Midterm Report Video Link: https://youtu.be/WgToNAL0_b0
Project purpose: The purpose of the project is to create an application that would allow researchers in Biology at Boston University to share findings in Microbiomes from their research through a web application. The web application will allow users to search for data based on filters and display a series of informational, statistical inferences and plots which would deliver insights on the underlying data.
Project tasks: The project can be broken down into the following high level tasks: Scripting and cleaning: Scripts will need to be written responsible for reading the CSV files in which the research data is currently saved in, processing that data and storing it into a database. Full stack application: A front-end interface that will allow the user to search, filter and view the findings. A backend that can perform fetch operations from the database, dynamically create a dataframe on the underlying data, perform statistical methods on the dataframe and return the response to the client.
Clear goal(s) (e.g. Successfully predict the number of students attending lecture based on the weather report).
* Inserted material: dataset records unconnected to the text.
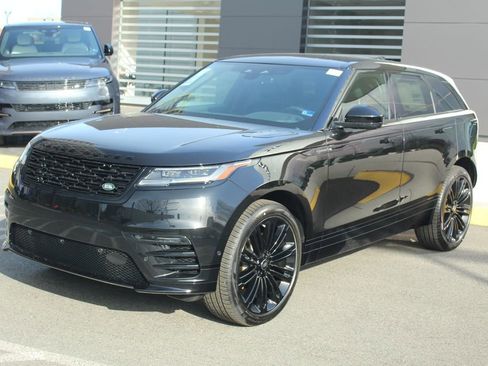 New 2026 Land Rover Range Rover Velar Dynamic SE AWD/4WD image 1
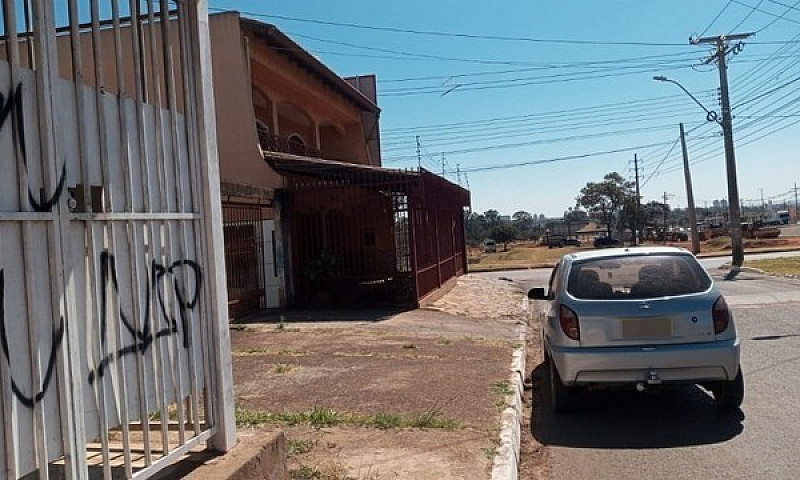 Sobrado Bem Localiza...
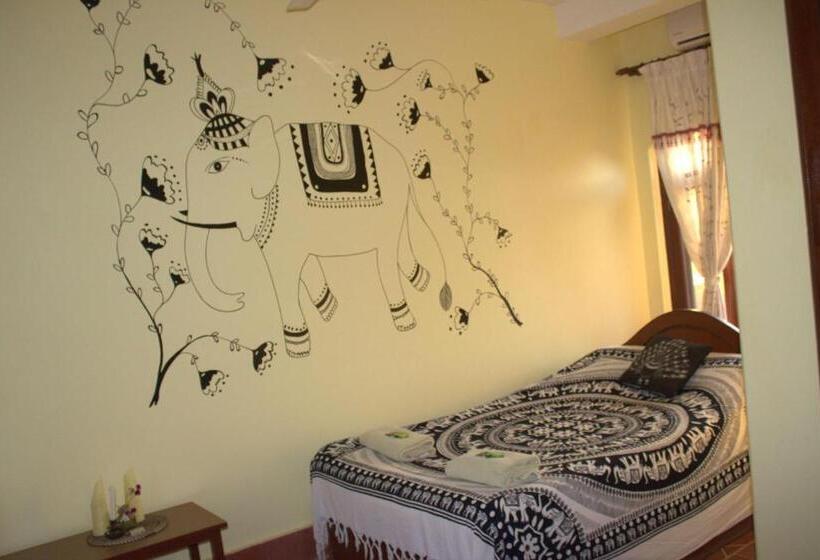 اتاق لوکس یک تخته, Sapana Village Lodge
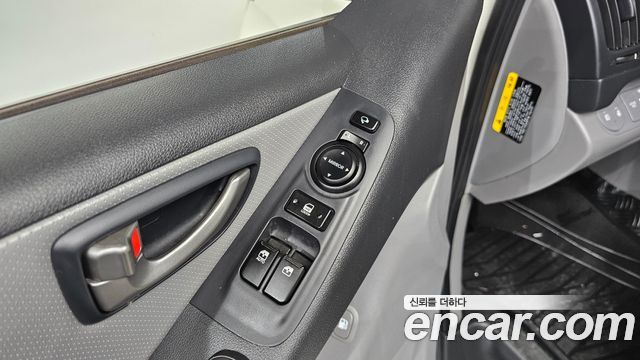 Hyundai Starex 2020 — photo 28
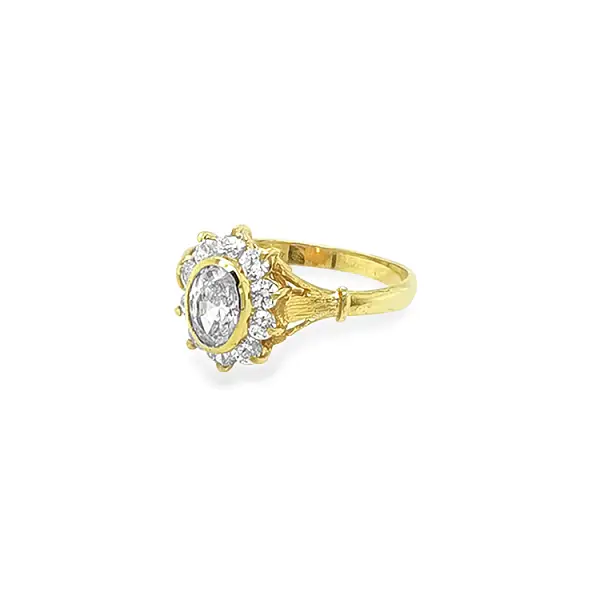 Gold Ring with Zircons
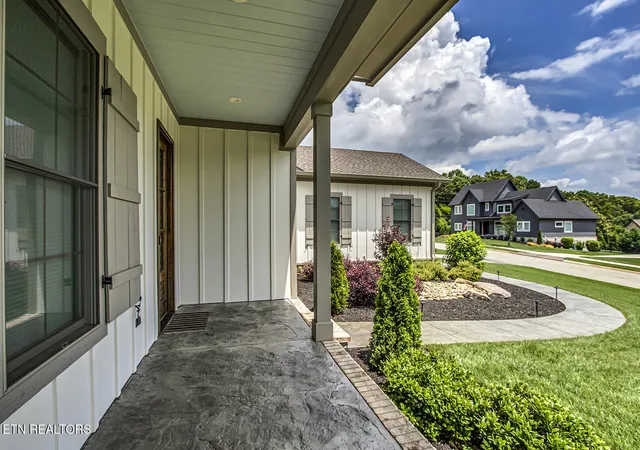Photo 3 of Single family home for sale at 209 Fence Post Ln, Farragut, TN 37934 | MLS# 1342573 | Listing updated on 2026-09-17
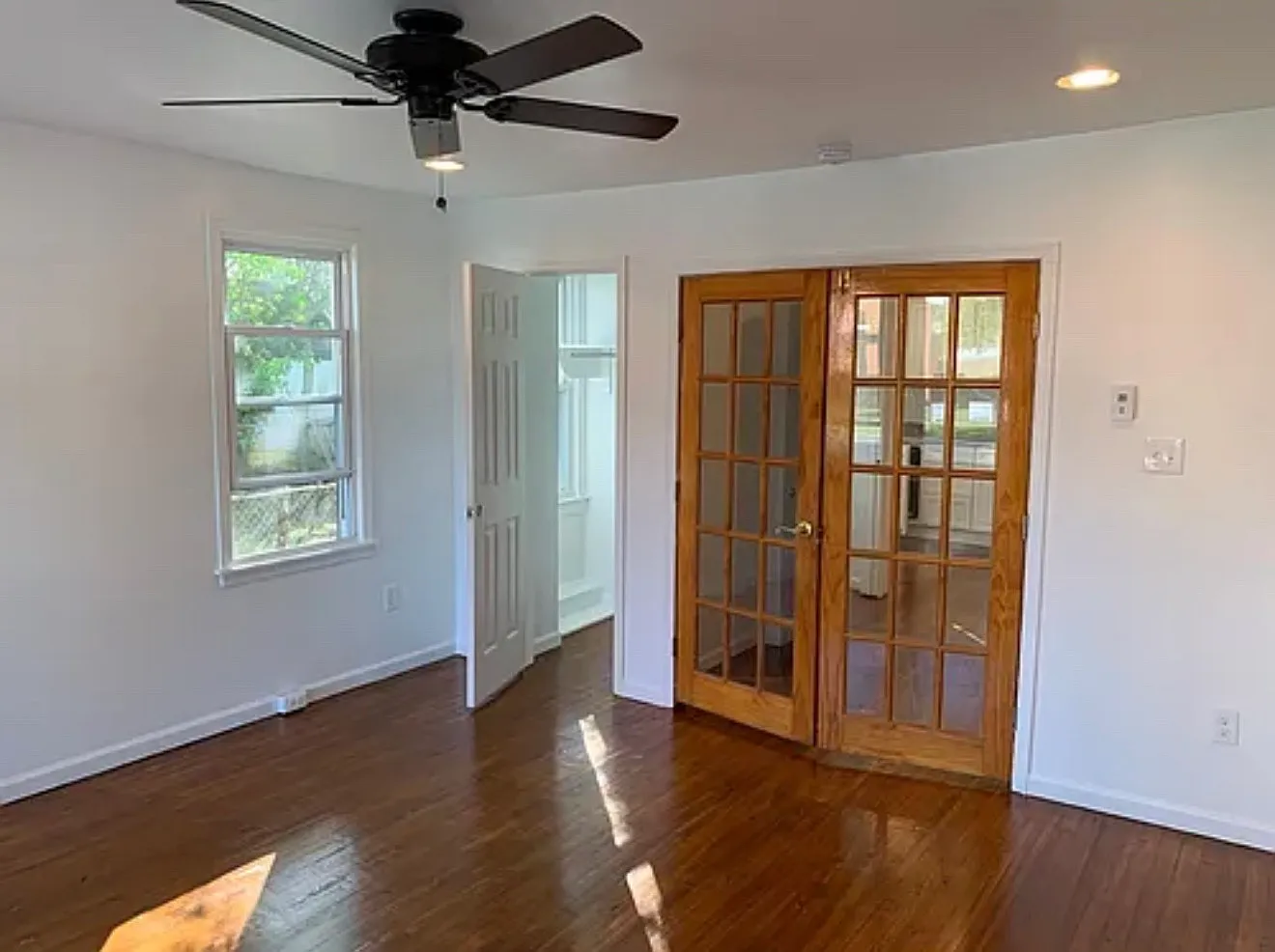 3 bed, 1.5 bath, 1064 sqft, $1,850 — Photo 4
- Predict the abundance of a plant pathogen across the United States based off pH and temperature
What data needs to be collected and how you will collect it (e.g. scraping xyz website or polling students).
- CSVs
How you plan on modeling the data (e.g. clustering, fitting a linear model, decision trees, XGBoost, some sort of deep learning method, etc.).
- Multivariate regression of abundance using multiple predictors
How do you plan on visualizing the data? (e.g. interactive t-SNE plot, scatter plot of feature x vs. feature y).
- Scatter plots (pH and temp as x) (abundance as y), filter by biome
What is your test plan? (e.g. withhold 20% of data for testing, train on data collected in October and test on data collected in November, etc.).
- Standard 80 - 20 split on available data
there is a bunch of data to use all in
https://github.com/zoey-rw/soil_microbe_GEMs/tree/master/comets_shinyapp_example
Midterm Report:
Data Proccessing: The data preprocessing starts with loading organism abundance and environmental data from 'species_abundance_filt.csv' and 'organism_data_to_subset.csv'. These datasets are merged on matching species identifiers. Next, we find some relevant features like soil temperature, pH and moisture and select them. Duplicates are then removed and we fill missing values with mean values. The data is then split into 70% training and 30% testing sets. Finally, we use StandardScaler to transform the features to zero-mean and unit-variance distributions for better model performance later on.
predictive model: we aimed to predict the abundance of specific microbial species based on environmental factors, using pH and temperature as primary predictors. To achieve this, we merged two datasets: one containing environmental preferences for various species and another with abundance data, filtered to align through a shared species identifier. After merging, we selected the columns pH_preference, temperature_preference, and percentage (abundance) to serve as features and target variables.
Using this merged data, we trained a linear regression model, splitting the data with an 80-20 train-test ratio. After training the model, we evaluated its performance using Mean Squared Error (MSE) and R-squared (R²) metrics. The model produced a low MSE of 1.21x10^-8.The R-squared value was only 0.0077.
These results suggest that a simple linear regression model with pH and temperature as predictors lacks the complexity needed to capture the underlying patterns in abundance. Given the low R-squared value, it's clear that other environmental or biological factors are likely influencing abundance in ways our model cannot capture with these two predictors alone. Moving forward, we can either explore adding more relevant features to improve the model’s predictive power or try alternative models, such as polynomial regression or regularized linear models (such as gaussian process regression), to better capture complex relationships within the data.
Next Steps:
As mentioned above, our model doesn’t perform well hence we will keep experimenting with different models/distributions to match patterns of abundance. Moreover, we have started to notice some features that have quite a lot of impact to the abundance of an organism. However, we haven’t been able to incorporate these at this time. Some examples of these features are the biome the organism is from and the pH preference and temperature preference.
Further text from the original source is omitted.